#473 August 15, 2016 – Audi Cars Talk with Traffic Signals

This week’s headline story: Audi Cars Talk with Traffic Signals

TrafficlightGerman carmaker Audi is rolling out a brand new technology called Vehicle to Infrastructure or V-to-I technology to US car shoppers this fall. V-to-I allows vehicles to communicate with traffic signals and other roadway infrastructure to provide drivers with useful information for safer more informed driving. Audi’s system allows the vehicle to display a countdown before a red light turns to green. Knowing how much time there is before the light changes to green is intended to relieve the driver of anxiety. The countdown will also appear on the dashboard if the vehicle determines it will not be able to make an approaching light before it turns red, to allow the driver to begin to brake. Audi plans to roll out the capability in five to seven U.S. cities this year.

Future applications of the technology could see it linked to a car’s navigation system or its stop/start functions. The technology will also be valuable for driverless car technology. Another possible eventual use is for traffic signals to advise vehicles to keep to a certain speed in order to match the flow of traffic lights. Carmakers are trying to leverage technology – including vehicle-to-vehicle communications (“V-to-V”) allowing cars to talk to each other – to reduce accidents and reduce congestion.

other Technology Headlines…

  • Samsung Workers Sickened by Chemicals in Factories Speak Up [NewsFactor]
    Two Words Keep Sick Samsung Workers from Data: Trade Secrets
    An Associated Press investigation found South Korean authorities let Samsung withhold crucial information from sick workers and their families about the chemicals they are exposed to at its computer chip and display factories. A worker-safety group has documented more than 200 cases of serious illnesses including leukemia, lupus, lymphoma and multiple sclerosis among former Samsung semiconductor and LCD workers. Seventy-six have died, most in their 20s and 30s.
  • Judge Dismisses Suit Accusing Twitter of Supporting ISIS Group [NewsFactor]
    A federal judge in San Francisco has dismissed a lawsuit accusing Twitter of supporting the Islamic State group. The families of two men killed in Jordan claimed that Twitter had contributed to their deaths by allowing the group to sign up for and use Twitter accounts. The judge agreed with Twitter that the company cannot be held liable because federal law protects service providers that merely offer platforms for speech, without creating the speech itself.
  • Stanford-led experiments point toward memory chips 1,000 times faster than today’s [Stanford News]
    Stanford-led research has demonstrated an emerging memory technology called phase-change memory, based on a new class of semiconductor materials, that promises performance that is 1,000 times faster than current RAM memory, while using less energy and requiring less space.

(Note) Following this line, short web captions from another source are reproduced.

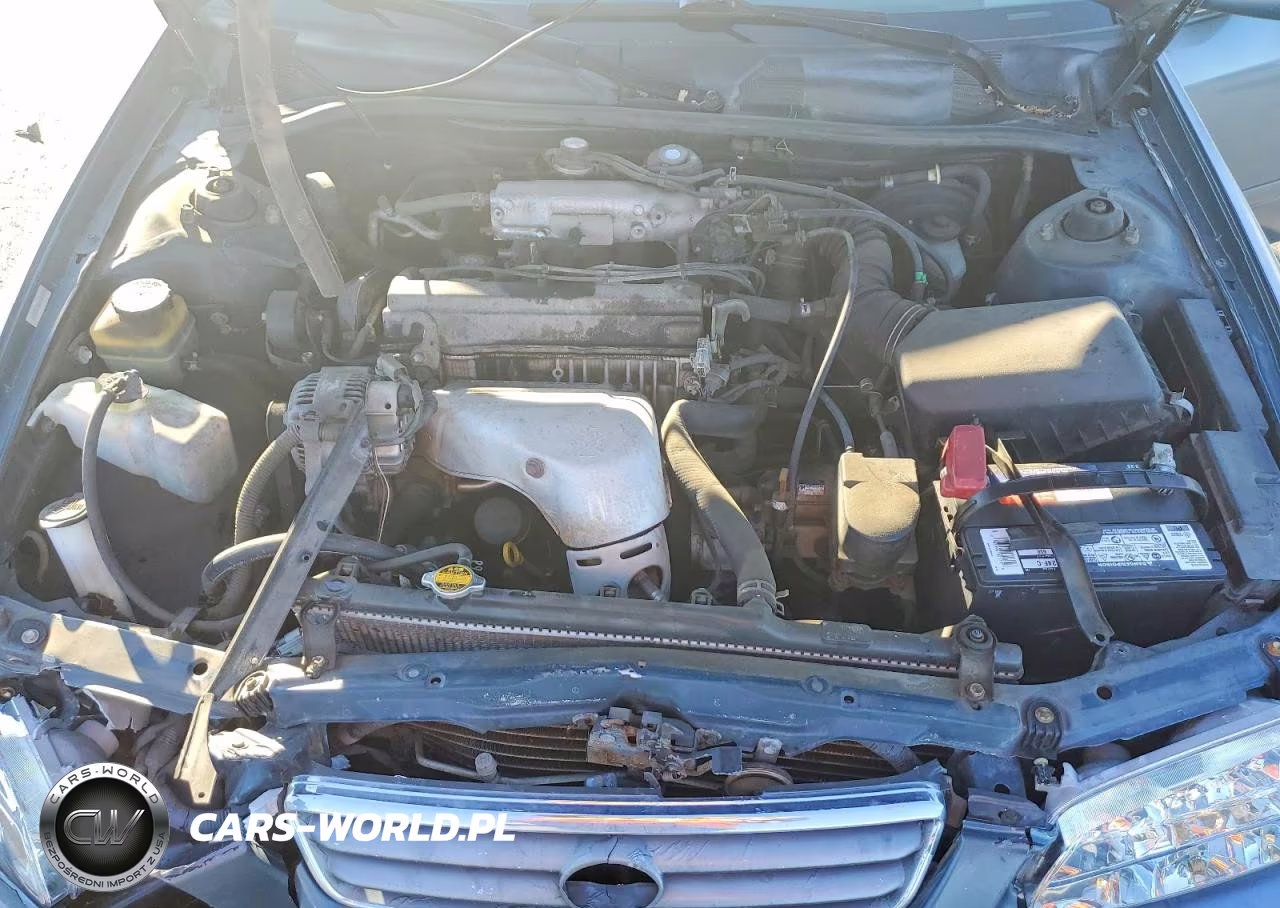 2000 Toyota Camry Le VIN:JT2BG22K2Y0408745 - 11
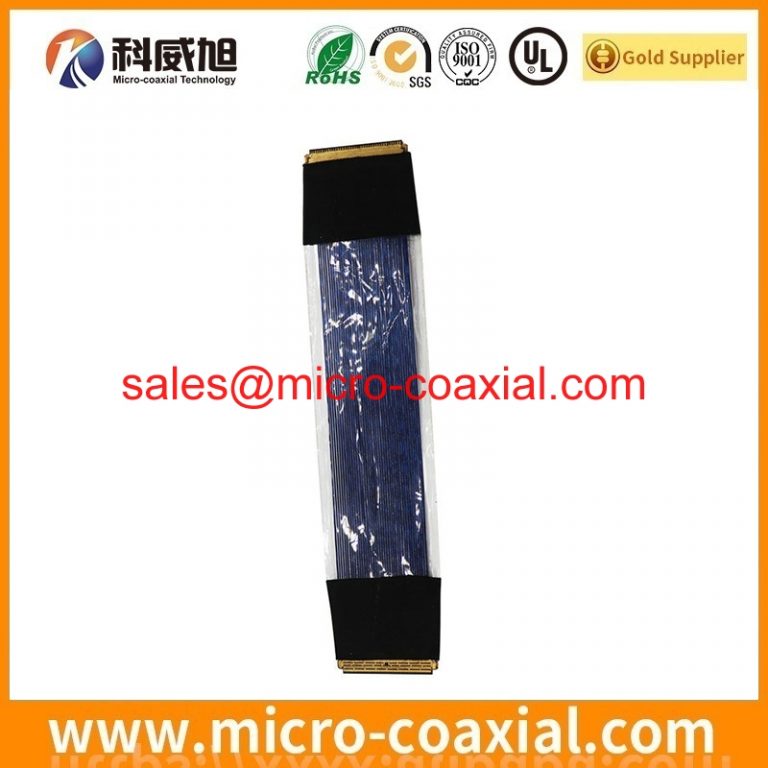 Manufactured DF36J-25S-0.4V(51) micro coax cable assembly FI-W31S LVDS eDP cable Assembly Manufacturing plant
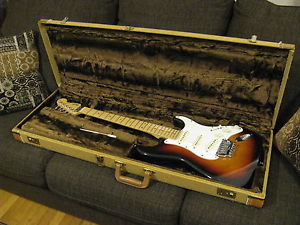 1985/1986 Fender Sunbust Japan Stratocaster, Beautiful Condition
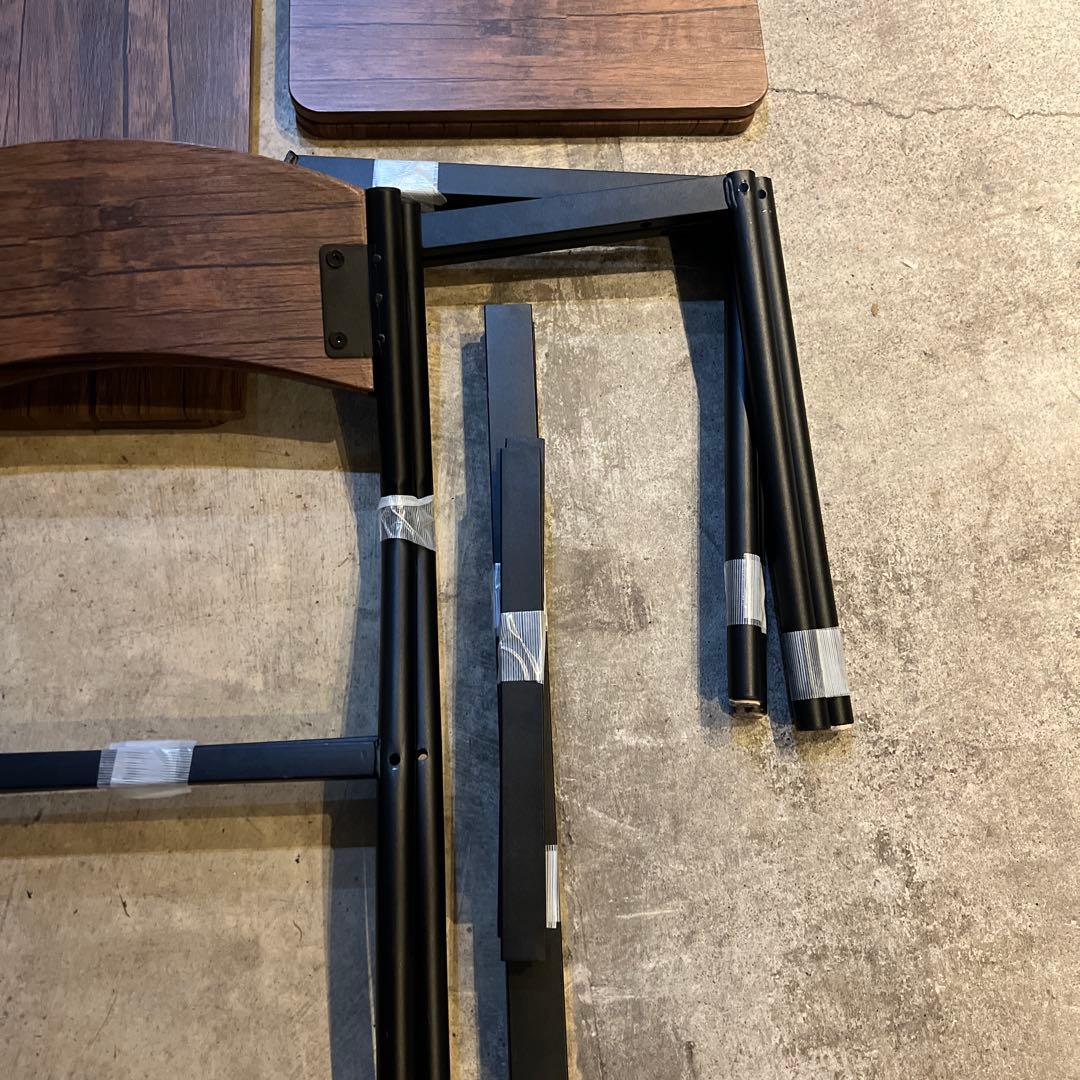 大人気！設置/組み立て送料無料/ダイニングテーブルDC-02/椅子2点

in Information Security News…

  • Jeep Hackers Back at Black Hat with New and Scarier Method [NewsFactor]
    The Jeep hackers were back at the Black Hat Hackers Conference, this time demonstrating a new more dangerous technique to take remote control of a moving vehicle. The pair demonstrated how they can take control of the same 2014 Jeep Cherokee they hacked last year, this time by sending false messages to its internal network, overriding the correct ones. The new technique allowed them to do new — and scarier — things, such as making the vehicle turn sharply while it was speeding down a country road. They also were able to make the vehicle unintentionally speed up, or remotely slam on its brakes.
  • Quadrooter Bug Affects 900 Million Android Devices [NewsFactor]
    Researchers at security firm Check Point have discovered four new exploits that could impact as many as 900 million Android devices. The firm is calling the combined exploits the Quadrooter Bug. To gain access, an attacker just has to get the user to install a malicious app. From there the attacker has full access to saved data and can also change or remove system-level files, delete or add apps and gain access to the device’s screen, camera, or microphone. The security holes can only be fixed via patches from distributors or carriers once they get new driver packs from Qualcomm. Check Point is making available a free Quadrooter scanner app that scans users’ Android phones to see if the necessary patches have been downloaded and installed. The scanner app is available at https://www.checkpoint.com/resources/quadrooter-vulnerability-consumer/.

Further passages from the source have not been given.